Below is a listing with pictures in it; transcribe exactly the lines from the one that has "Cartoon-style mountains at" through the one that has "TIESOME 12 st", and omit those pictures.

DATASET EXCERPTS Start Marker

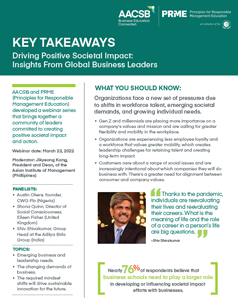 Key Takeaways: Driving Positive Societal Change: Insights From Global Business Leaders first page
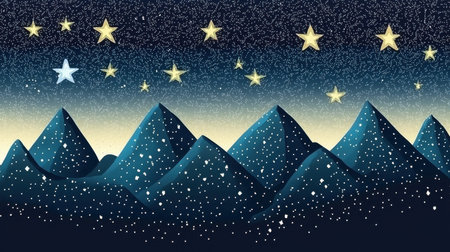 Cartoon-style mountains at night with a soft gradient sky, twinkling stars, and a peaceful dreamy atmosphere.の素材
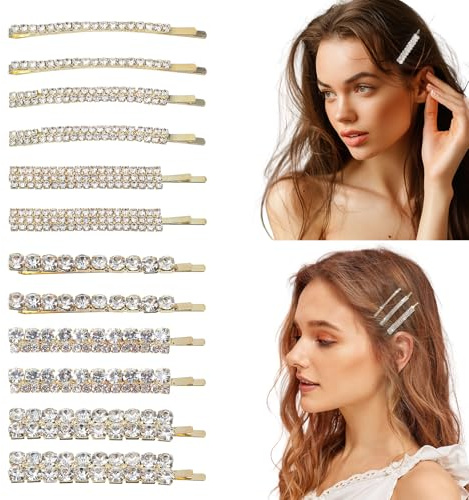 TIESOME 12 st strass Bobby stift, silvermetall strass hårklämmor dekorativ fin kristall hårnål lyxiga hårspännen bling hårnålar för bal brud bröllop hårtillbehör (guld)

DATASET EXCERPTS End Marker
DATASET EXCERPTS Start Marker

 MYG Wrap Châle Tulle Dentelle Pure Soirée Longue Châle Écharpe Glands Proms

DATASET EXCERPTS End Marker
DATASET EXCERPTS Start Marker

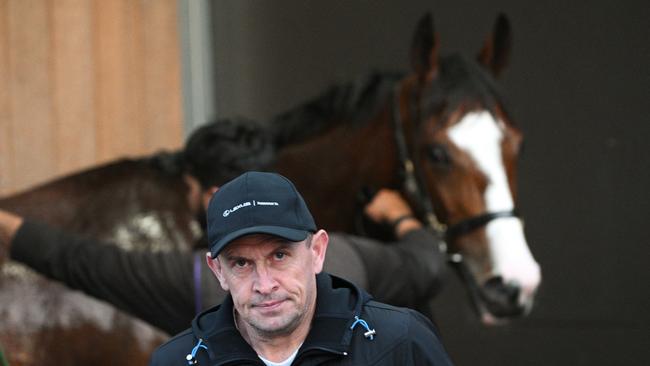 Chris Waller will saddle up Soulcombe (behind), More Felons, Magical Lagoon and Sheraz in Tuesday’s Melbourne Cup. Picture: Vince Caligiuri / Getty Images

DATASET EXCERPTS End Marker

▶ EXERCISE RESULT
 Cartoon-style mountains at night with a soft gradient sky, twinkling stars, and a peaceful dreamy atmosphere.の素材
 TIESOME 12 st strass Bobby stift, silvermetall strass hårklämmor dekorativ fin kristall hårnål lyxiga hårspännen bling hårnålar för bal brud bröllop hårtillbehör (guld)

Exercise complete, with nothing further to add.